Collected material »

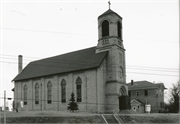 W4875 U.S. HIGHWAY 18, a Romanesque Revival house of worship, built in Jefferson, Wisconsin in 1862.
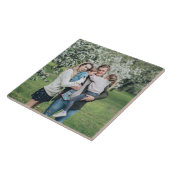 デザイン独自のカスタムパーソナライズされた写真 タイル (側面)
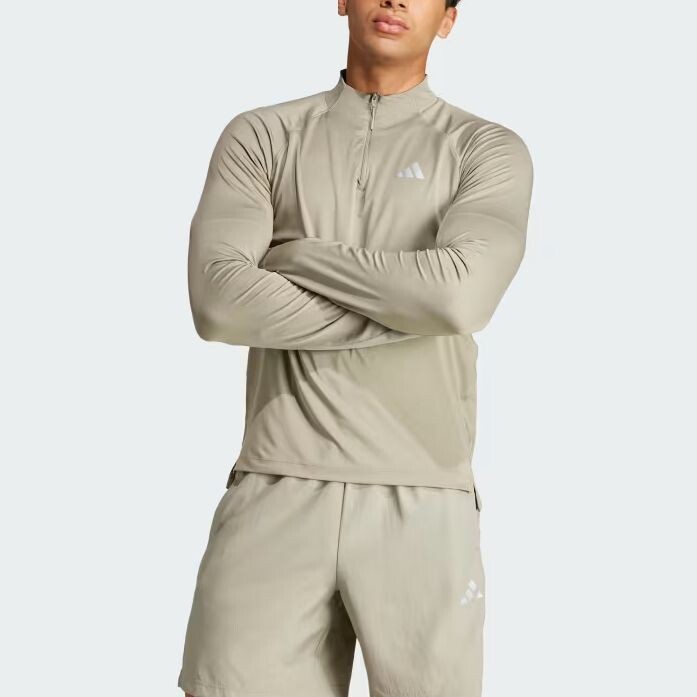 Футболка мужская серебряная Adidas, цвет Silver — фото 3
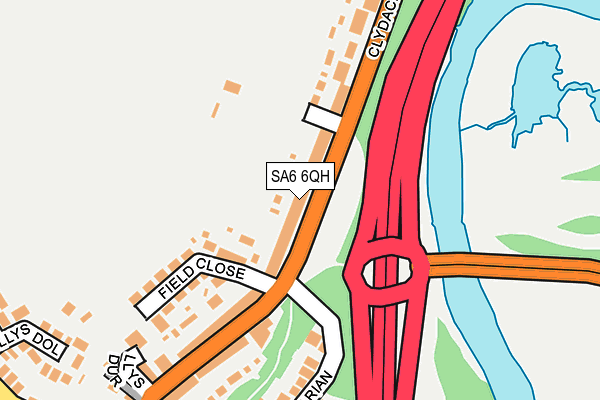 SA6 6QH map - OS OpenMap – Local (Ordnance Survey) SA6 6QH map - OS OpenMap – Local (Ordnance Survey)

What you have to do » A word-for-word copy of all the data is required, minus the pictures.

Expected output »
 W4875 U.S. HIGHWAY 18, a Romanesque Revival house of worship, built in Jefferson, Wisconsin in 1862.
 デザイン独自のカスタムパーソナライズされた写真 タイル (側面)
 Футболка мужская серебряная Adidas, цвет Silver — фото 3
 SA6 6QH map - OS OpenMap – Local (Ordnance Survey) SA6 6QH map - OS OpenMap – Local (Ordnance Survey)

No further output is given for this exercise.